* Task data
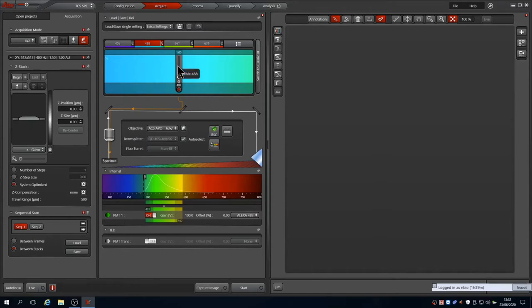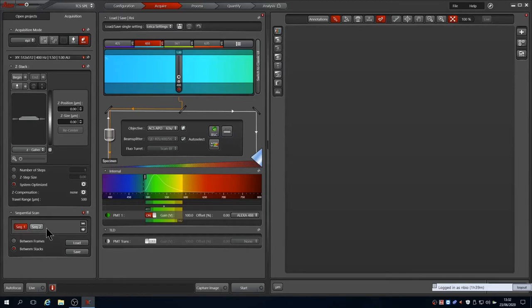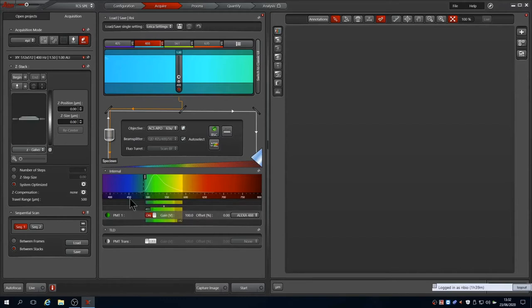Now we can see that the 488 laser is on and defaulted to 1% power. On the left there is now a sequential scan control box showing sequences 1 and 2. Here we have Alexa 488 on sequence 1, with its respective 488 laser and green emission band pass. Alexa 594 is on sequence 2.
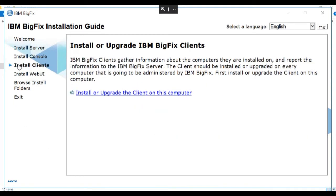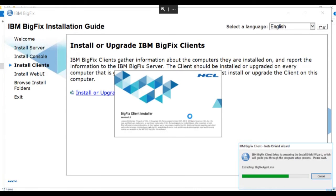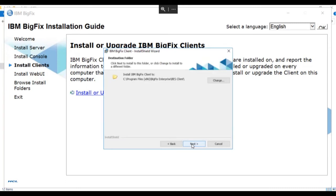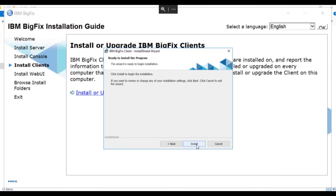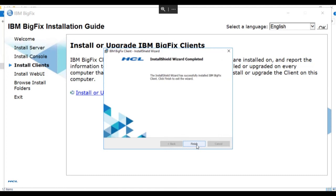To install the Client, we click Install Clients and then follow the link to install the Client on this computer. We select the language and the wizard begins. After the wizard initializes, we click Next and we're prompted for the location to install the BigFix client. We want the BigFix client on the C drive, so we'll accept the default and click Next. When we click Install, the BigFix client is installed. We've successfully installed the BigFix client on the BigFix server and we'll click Finish to complete the installation.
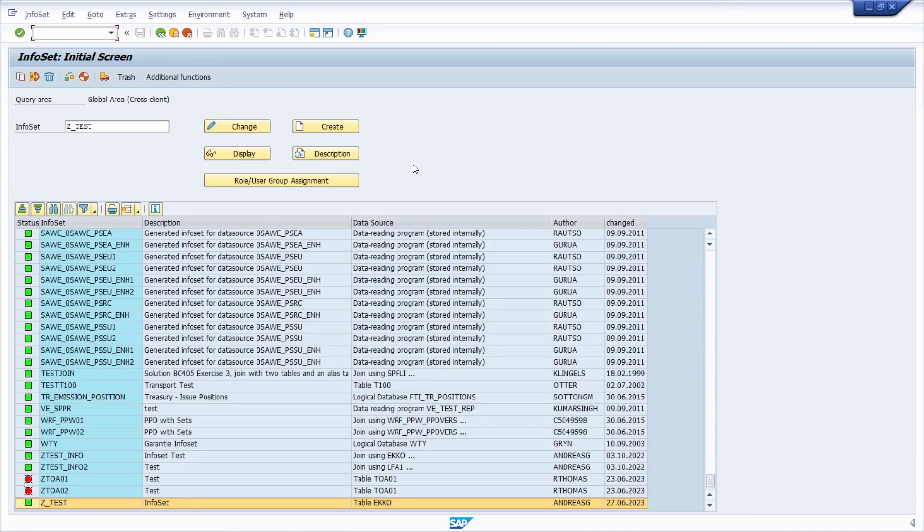Welcome to this video. In this video I would like to show and explain you how you can add a custom additional field to your SAP query.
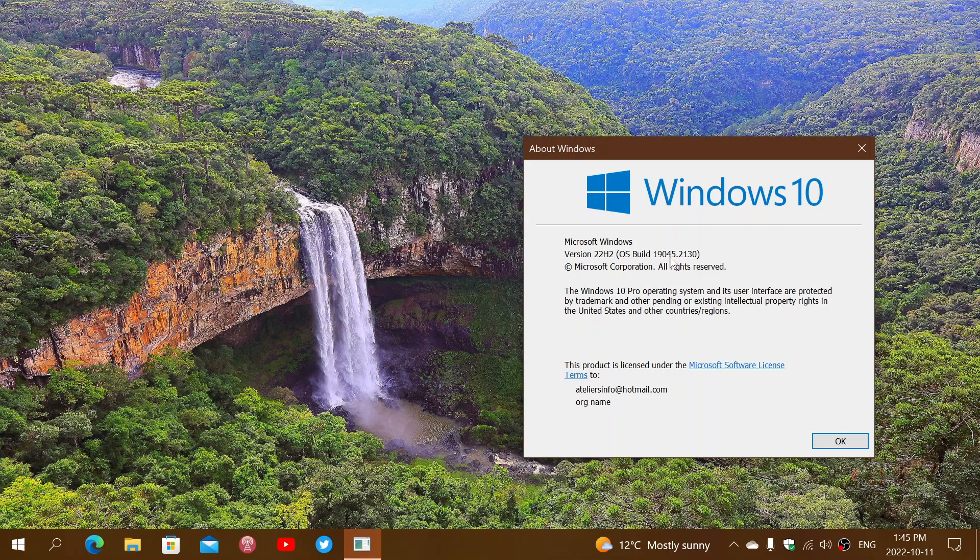21H2, you'll be at 19044, and 22H2, for those here that we have done in advance, 19045. But the real important number is the ending. 2130 tells you that you're up to date with the latest security updates today.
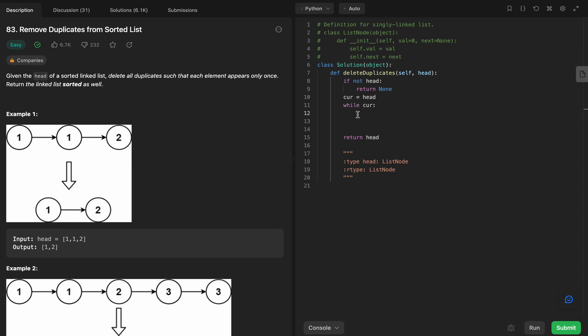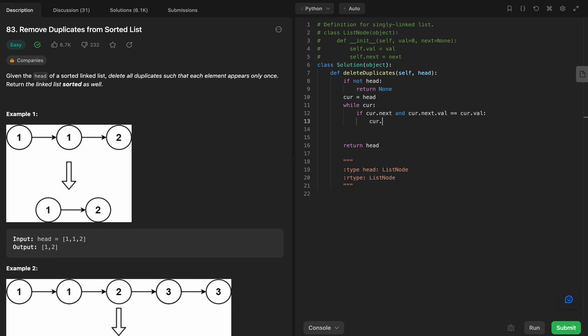Say if cur.next, so if this guy exists and cur.next.val equals cur.val, then what we want to do is we want to put this arrow over here. So cur.next equals cur.next.next. So that arrow is now pointing to here.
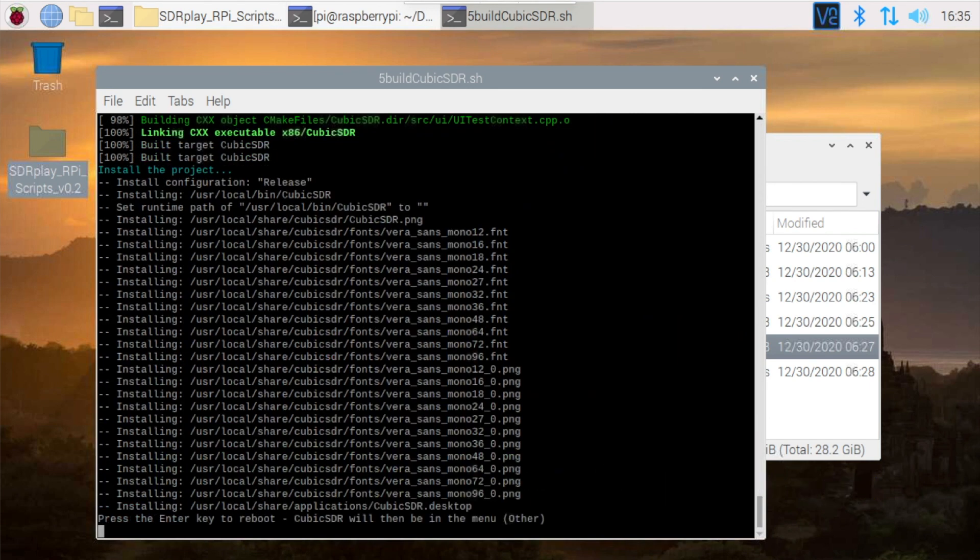Once the installation is complete, you'll be prompted to reboot the Pi. So go ahead and do that, and then when the Pi comes back we'll run the program itself.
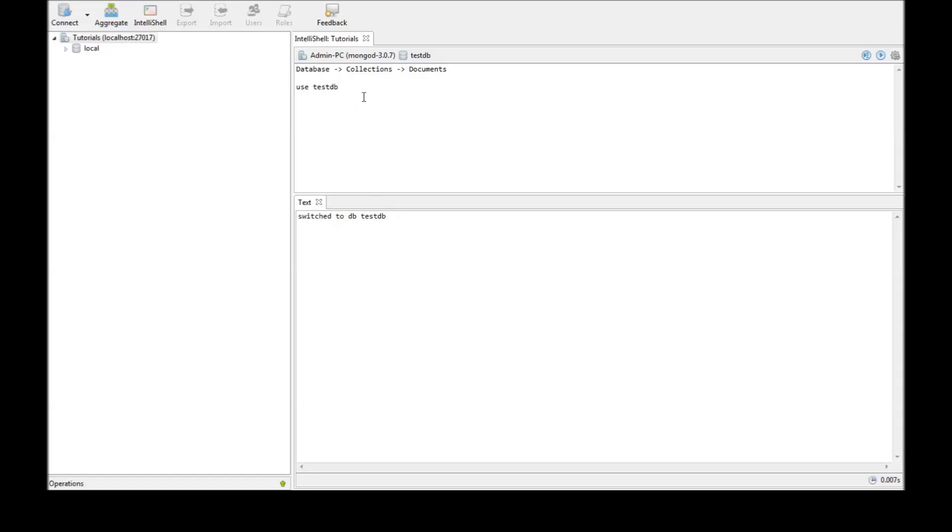Now, to check what is the current database we are in, just type db and execute. It says testdb. So, the db command is used to check what database we are currently working with.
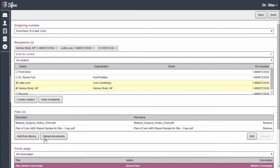I now have all of my information: my outgoing number, my three recipients, my two files, and my cover page details.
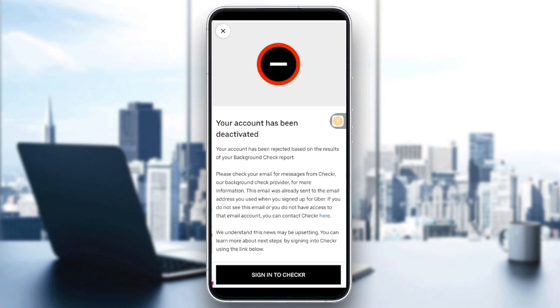Hello everyone and welcome back to another video. In today's video I'm going to show you how to fix your account has been deactivated in Uber in 2025.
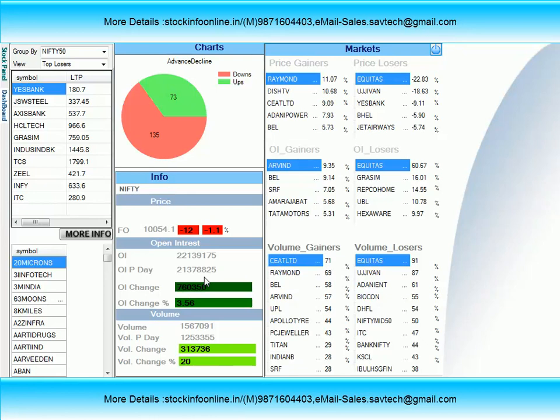आज हम इस वीडियो के माध्यम से आप लोगों के सामने Nifty और Bank Nifty की complete study और analysis करेंगे, और यह जानने की कोशिश करेंगे कि कल का बाज़ार, मतलब 29 अक्टूबर 2018, और पूरे हफ़्ते का क्या range रहने वाला है. यह weekly analysis Nifty और Bank Nifty को बिल्कुल भी miss नहीं करना चाहिए क्योंकि इसमें जो भी level दी जाती है, breakout या breakdown का weekly target achieve करने की पूरी कोशिश होती है.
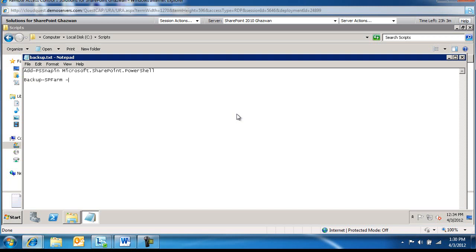So we're going to do -Directory, the name of the box here which is SharePoint2010 and then my FolderShare for where the backups are going to go. And it's going to be SharePoint Backup.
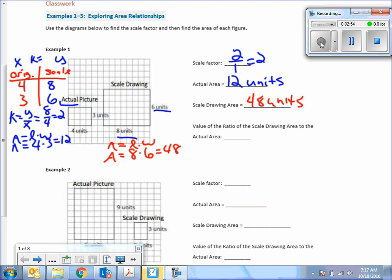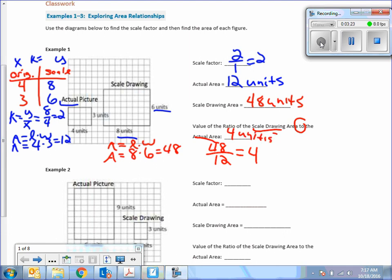The value of the ratio of the scale drawing area to the actual area — be careful with the wording. 'Scale drawing' comes first, so it's the numerator, and the actual area is the denominator. So that's 48 over 12, which equals 4. The ratio of the areas is 4 units squared.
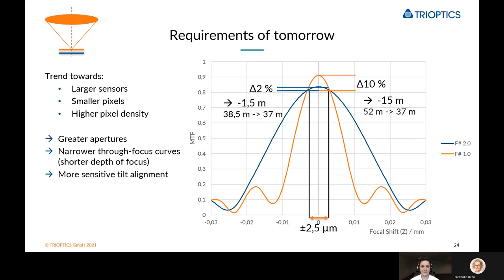For both of these cases we calculated the maximum detection distance of the traffic sign shown earlier. At the peak with F/2.0, we reach a maximum detection distance of 38.5 meters, and losing 2% drops us to 37 meters — a reduction of only 1.5 meters, which is not that significant. But looking at the greater aperture, the delta of 10% causes the maximum detection distance to drop from 52 meters down to 37 meters — a loss of 15 meters. This is substantial, so when actively aligning a lens like this you need to be much more precise.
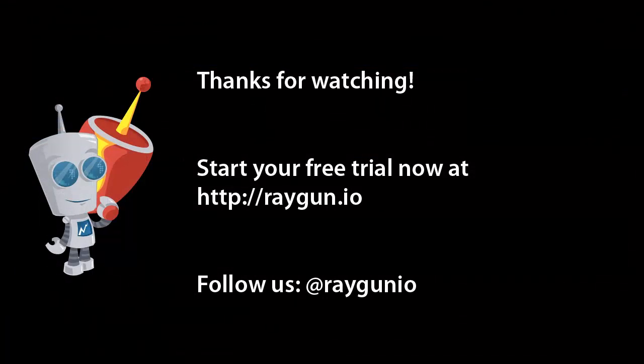If you have any questions or comments, feel free to make them here or you can send them to us in the forums. Thanks very much for watching.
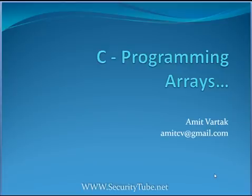Hello, this is a part of C programming video series on securitytube.net and in this video I will be talking more about arrays.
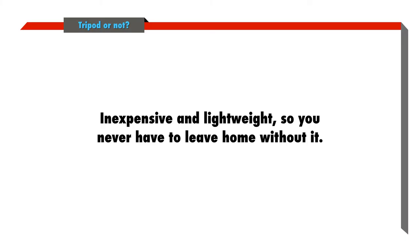So there you have it. A great way to expand your photographic possibilities without breaking the bank or your back.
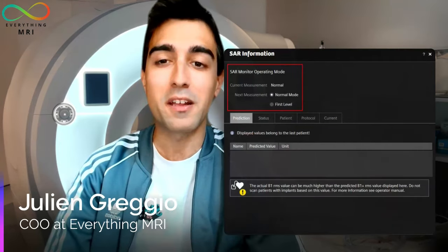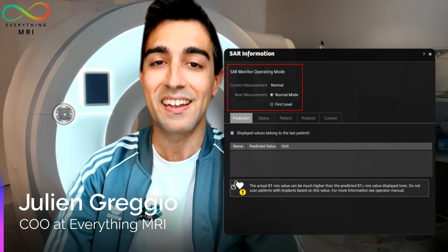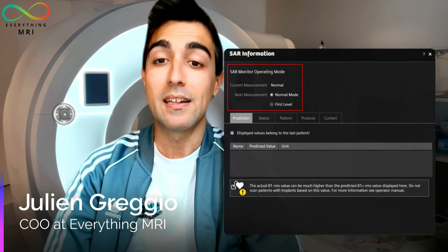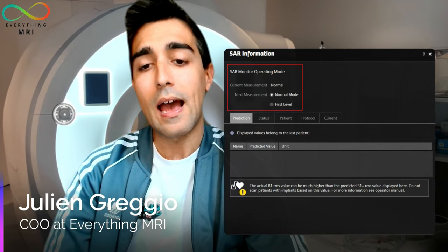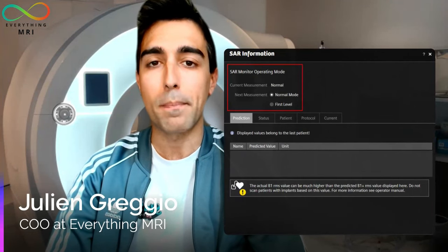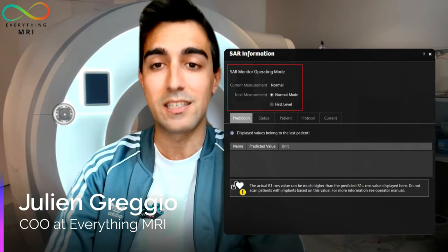The first thing we need to know is that there are three main modes of operation for an MR scanner as far as monitoring the SAR is concerned. These are normal mode, first level, and second level. As you can see from this table, in most clinical settings we just deal with the first two, namely normal mode and first level. The use of second level is fairly limited at present, as it is predominantly used in some specific research settings.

* Assignment
Could you output exactly the lines above, from the line with "Say if cur.next, so" up to and including the line with "Once the installation", and nothing else, skipping the pictures?

* Solution to this task
Say if cur.next, so if this guy exists and cur.next.val equals cur.val, then what we want to do is we want to put this arrow over here. So cur.next equals cur.next.next. So that arrow is now pointing to here.
Once the installation is complete, you'll be prompted to reboot the Pi. So go ahead and do that, and then when the Pi comes back we'll run the program itself.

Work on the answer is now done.